Monday, December 21, 2009

Primary Key object - an under appreciated programming idiom

[Updated: Jan 4 2010 - CustomerKey class has more details]

There is in my opinion an often under used idiom - The Primary Key object. If you've used Container Managed Persistence in EJB or Hibernate or JPA then you probably know what I'm talking about. It's the very simple idea of creating a Serializable POJO and storing as fields, the unique Id(s) of the entity.

JEE 6 says this about Primary Key Classes. You override equals() and hashCode() and you are all set.

public class CustomerKey implements Serializable {
    private static final long serialVersionUID = 1L;

    protected String passportId;
    
    protected String familyName;
    
    /**
     * @param passportId - The actual key property.
     * @param familyName - A non-key property to assist in caching/optimization
     *                     etc.
     */
    public CustomerKey(String passportId, String familyName) {
        this.passportId = passportId;
        this.familyName = familyName; 
    }
 
    public String getPassportId() {
        return passportId;
    }
    
    public String getFamilyName() {
        return familyName;
    }

     @Override
    public int hashCode() {
        //Only uses passportId for the hash.
        .. .. 
    }

    @Override
    public boolean equals(Object obj) {
        //Only checks for passportId match. 
        .. .. 
    } 
}

So, why is it interesting? The use of Serializable POJOs does not have to be restricted to modeling Database persisted objects.

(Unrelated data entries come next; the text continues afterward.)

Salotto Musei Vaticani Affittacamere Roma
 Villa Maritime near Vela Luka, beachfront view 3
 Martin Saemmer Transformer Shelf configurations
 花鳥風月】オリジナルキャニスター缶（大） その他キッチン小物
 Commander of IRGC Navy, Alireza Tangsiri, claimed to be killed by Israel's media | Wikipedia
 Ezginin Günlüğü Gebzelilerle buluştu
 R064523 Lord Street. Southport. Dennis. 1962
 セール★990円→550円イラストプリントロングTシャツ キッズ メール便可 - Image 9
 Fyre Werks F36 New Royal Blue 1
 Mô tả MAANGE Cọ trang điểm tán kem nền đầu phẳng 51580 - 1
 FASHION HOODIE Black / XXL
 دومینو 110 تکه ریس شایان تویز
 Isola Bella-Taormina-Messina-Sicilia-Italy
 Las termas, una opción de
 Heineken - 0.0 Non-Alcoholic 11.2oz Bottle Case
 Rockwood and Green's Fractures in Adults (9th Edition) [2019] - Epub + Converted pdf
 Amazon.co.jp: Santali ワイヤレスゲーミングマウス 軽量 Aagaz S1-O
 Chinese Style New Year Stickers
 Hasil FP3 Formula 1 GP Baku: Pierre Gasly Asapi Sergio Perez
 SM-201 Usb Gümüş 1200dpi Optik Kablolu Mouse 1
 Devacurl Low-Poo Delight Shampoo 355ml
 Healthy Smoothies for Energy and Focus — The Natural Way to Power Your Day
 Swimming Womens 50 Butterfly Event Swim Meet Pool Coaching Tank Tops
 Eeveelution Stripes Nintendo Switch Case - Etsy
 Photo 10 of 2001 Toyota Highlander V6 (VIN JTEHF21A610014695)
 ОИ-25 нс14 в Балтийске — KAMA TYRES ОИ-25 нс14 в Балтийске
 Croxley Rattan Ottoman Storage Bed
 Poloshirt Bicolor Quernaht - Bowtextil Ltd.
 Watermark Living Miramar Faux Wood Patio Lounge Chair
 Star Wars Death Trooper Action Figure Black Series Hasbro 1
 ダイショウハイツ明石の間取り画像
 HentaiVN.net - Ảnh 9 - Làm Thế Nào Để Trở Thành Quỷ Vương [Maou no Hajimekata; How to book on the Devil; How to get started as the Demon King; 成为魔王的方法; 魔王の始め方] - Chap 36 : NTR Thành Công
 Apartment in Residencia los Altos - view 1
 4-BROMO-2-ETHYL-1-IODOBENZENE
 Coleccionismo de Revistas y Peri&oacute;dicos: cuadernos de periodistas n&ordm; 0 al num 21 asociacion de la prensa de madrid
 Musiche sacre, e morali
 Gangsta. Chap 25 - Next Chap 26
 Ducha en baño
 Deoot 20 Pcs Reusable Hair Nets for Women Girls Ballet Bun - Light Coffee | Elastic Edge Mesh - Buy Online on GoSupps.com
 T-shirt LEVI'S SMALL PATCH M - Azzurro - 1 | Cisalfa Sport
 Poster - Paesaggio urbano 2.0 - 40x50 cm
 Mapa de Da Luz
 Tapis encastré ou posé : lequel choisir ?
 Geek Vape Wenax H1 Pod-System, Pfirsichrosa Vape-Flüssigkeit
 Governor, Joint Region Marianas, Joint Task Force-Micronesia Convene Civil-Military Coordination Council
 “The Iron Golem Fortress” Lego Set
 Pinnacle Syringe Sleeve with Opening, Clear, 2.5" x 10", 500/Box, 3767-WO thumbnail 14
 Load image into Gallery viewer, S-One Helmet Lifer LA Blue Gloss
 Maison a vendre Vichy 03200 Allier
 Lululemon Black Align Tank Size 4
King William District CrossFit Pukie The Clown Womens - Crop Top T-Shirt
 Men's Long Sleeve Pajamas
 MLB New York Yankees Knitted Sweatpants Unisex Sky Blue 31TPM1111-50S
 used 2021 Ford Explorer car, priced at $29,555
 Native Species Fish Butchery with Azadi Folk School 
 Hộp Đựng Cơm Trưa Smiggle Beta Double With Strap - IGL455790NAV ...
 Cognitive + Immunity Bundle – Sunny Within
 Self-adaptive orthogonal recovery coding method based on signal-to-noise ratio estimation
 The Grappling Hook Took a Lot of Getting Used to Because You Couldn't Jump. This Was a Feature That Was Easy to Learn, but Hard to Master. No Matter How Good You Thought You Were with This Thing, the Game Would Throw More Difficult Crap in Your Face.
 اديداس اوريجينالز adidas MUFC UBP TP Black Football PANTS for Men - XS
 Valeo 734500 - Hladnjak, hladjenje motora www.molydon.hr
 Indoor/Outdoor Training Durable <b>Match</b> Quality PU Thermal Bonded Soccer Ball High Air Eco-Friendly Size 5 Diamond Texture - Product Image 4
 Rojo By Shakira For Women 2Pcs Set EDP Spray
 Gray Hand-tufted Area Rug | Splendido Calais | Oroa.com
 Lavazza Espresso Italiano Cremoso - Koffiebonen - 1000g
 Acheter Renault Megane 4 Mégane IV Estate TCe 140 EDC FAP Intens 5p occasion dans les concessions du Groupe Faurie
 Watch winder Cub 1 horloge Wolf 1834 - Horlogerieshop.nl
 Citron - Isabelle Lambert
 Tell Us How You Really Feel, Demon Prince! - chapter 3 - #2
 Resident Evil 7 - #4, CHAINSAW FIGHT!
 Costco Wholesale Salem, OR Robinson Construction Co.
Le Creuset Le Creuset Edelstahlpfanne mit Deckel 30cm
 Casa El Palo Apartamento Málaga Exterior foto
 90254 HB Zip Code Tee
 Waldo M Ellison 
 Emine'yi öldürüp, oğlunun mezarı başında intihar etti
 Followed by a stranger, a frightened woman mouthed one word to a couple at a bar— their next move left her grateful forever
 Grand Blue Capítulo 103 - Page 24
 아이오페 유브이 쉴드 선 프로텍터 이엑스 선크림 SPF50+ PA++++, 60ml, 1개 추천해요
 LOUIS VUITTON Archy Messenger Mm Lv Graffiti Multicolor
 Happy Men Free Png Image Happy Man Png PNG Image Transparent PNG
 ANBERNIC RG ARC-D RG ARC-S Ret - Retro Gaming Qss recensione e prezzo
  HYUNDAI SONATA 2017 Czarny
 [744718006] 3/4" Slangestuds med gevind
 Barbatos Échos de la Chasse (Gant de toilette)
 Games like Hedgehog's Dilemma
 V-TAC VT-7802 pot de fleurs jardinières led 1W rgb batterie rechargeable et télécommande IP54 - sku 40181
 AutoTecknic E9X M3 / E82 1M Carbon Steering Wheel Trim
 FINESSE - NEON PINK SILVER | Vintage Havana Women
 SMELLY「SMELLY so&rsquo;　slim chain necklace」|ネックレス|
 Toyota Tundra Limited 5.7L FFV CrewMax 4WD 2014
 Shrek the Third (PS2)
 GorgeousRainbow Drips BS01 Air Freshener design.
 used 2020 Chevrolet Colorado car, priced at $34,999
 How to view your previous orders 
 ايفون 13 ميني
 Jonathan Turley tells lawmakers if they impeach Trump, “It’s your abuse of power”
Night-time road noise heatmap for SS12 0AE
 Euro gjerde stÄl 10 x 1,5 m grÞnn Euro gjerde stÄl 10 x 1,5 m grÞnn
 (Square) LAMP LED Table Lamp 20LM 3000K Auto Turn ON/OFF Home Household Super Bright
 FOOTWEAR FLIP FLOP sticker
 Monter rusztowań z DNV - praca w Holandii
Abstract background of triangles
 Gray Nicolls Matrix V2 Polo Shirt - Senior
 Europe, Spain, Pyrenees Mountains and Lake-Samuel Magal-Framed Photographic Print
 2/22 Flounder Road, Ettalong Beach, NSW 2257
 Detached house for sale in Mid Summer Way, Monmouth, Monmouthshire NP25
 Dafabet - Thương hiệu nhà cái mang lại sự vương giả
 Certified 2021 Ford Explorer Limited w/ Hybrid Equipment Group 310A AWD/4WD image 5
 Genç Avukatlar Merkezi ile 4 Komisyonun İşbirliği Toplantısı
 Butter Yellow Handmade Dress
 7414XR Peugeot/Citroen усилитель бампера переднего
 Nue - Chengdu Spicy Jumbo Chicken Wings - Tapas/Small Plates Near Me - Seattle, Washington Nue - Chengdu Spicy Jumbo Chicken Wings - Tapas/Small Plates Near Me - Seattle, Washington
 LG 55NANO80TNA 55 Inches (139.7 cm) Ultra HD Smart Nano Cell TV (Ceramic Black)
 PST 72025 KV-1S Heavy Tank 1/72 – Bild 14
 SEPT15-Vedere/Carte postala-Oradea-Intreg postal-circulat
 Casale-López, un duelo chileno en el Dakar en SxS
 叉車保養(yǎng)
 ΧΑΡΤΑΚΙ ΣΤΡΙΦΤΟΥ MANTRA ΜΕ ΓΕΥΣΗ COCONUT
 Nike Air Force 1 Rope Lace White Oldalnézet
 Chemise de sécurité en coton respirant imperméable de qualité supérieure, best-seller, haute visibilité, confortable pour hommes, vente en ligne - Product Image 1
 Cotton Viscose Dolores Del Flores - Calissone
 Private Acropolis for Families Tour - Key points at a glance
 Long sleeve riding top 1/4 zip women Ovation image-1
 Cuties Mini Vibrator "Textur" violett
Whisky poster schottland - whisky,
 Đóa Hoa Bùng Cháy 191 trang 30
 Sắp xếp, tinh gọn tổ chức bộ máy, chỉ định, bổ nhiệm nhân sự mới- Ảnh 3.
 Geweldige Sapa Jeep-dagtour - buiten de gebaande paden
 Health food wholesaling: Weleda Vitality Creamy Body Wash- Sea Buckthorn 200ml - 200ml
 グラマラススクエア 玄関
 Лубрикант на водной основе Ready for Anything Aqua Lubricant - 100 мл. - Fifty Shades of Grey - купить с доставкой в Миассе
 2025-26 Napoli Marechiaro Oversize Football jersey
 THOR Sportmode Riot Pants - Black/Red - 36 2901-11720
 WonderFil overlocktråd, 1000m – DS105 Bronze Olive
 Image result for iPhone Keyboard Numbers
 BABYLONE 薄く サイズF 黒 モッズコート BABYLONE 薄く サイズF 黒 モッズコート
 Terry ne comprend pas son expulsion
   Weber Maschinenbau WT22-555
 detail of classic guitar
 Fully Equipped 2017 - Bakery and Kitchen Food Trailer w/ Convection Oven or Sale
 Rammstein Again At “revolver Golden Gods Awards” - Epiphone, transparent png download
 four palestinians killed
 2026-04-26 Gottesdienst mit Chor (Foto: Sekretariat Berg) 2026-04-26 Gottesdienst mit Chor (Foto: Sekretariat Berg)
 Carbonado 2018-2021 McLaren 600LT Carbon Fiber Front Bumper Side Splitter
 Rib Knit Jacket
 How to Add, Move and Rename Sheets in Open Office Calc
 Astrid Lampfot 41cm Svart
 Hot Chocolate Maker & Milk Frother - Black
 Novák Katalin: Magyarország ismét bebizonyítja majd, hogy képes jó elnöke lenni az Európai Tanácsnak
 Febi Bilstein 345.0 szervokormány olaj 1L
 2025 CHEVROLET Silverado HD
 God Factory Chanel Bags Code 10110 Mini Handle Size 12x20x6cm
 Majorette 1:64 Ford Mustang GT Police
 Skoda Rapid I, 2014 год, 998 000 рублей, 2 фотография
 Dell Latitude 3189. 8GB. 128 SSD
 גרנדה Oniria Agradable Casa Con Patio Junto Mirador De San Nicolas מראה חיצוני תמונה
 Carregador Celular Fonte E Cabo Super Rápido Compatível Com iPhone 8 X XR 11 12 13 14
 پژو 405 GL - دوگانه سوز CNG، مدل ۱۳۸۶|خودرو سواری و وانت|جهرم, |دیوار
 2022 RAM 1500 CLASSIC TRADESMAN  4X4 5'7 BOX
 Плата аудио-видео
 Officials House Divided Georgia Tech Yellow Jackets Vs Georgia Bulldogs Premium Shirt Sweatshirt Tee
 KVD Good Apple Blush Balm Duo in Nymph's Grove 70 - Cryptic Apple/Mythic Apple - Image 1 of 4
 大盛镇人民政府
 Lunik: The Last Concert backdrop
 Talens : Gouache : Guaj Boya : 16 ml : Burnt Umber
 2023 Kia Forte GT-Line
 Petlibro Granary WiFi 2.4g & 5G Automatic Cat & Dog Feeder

I've seen people make the make the mistake of premature optimization - i.e deciding to use a String or long or integer (some Java primitive) as the unique Id of an entity because it appears to satisfy the immediate requirement of an Id. The operative words being "appears" and "immediate". Using just 4 or 8 bytes to store the Id might seem like huge savings in space/memory at first but lets look at what you are missing:

  • When your data grows and you realize that the 4/8 byte number is not enough what do you do?
  • Your system has an internal Id scheme and the upstream system has another scheme
    • By using Java primitives as your internal scheme you have very likely lost the original/upstream Id
    • This means you cannot track the record back to its source. You might think you will not need it but try saying that to your customer during a production crisis when you've lost some records and you can't tell which ones exactly (Ouch!)
  • Remember The Law of Leaky Abstractions? Once you start with your own internal/proprietary Id scheme it will eventually leak outside to the user/customer. Now your customer will want to use it directly and you are forced to expose/support/maintain that Id scheme (Double ouch!)
  • What you thought could be easily generated as a monotonically increasing number on 1 machine is now impossible to handle on a cluster of machines (unless you have a singleton Id generator - SPOF!)
  • Now that your data has grown and you have started using a Grid of some sort, here's what you would've liked to do had you taken the POJO Id route
    • Data locality hints: You have a family of related objects and you want all of them to reside in the same machine instead of being spread across the grid randomly. So you stick a field into all the Primary Key (PK) POJOs called "customerId". Now all the OrderPK, ShipmentPK, FulfilmentPK, OrderLineItemPK keys will have a "customerId" in them but they need not be part of the equals()/hashCode() combo. So, you can program your Grid to make use of this "customerId" hint to place all the objects of the same family together and speed up your queries/retrievals
    • Covering Index: If you realize over time that your application tends to retrieve only certain specific fields for processing and not all the data columns, you could actually move those fields into the PK class. This way you will get the columns you need along with the PK object and not have to download the values at all. Shaves a lot of time off retrievals but remember these things consume a little more memory. More on Covering Indexes
  • Migrating data also becomes easier as you can add hints and version numbers into PKs


Overall, using a plain java.lang.Object or better yet, a well defined basic Interface as the Primary Key will go a long way.

Remember - Good design is always future proof.

Hibernate/JPA has a lot of nice annotations for these - @IdClass and @Id.

1 comments:

Ashwin Jayaprakash said...

Related note by Joshua Bloch in his famous slide deck - "How to Design a Good API and Why it Matters". Where he says - "Provide Programmatic Access to All Data Available in String Form".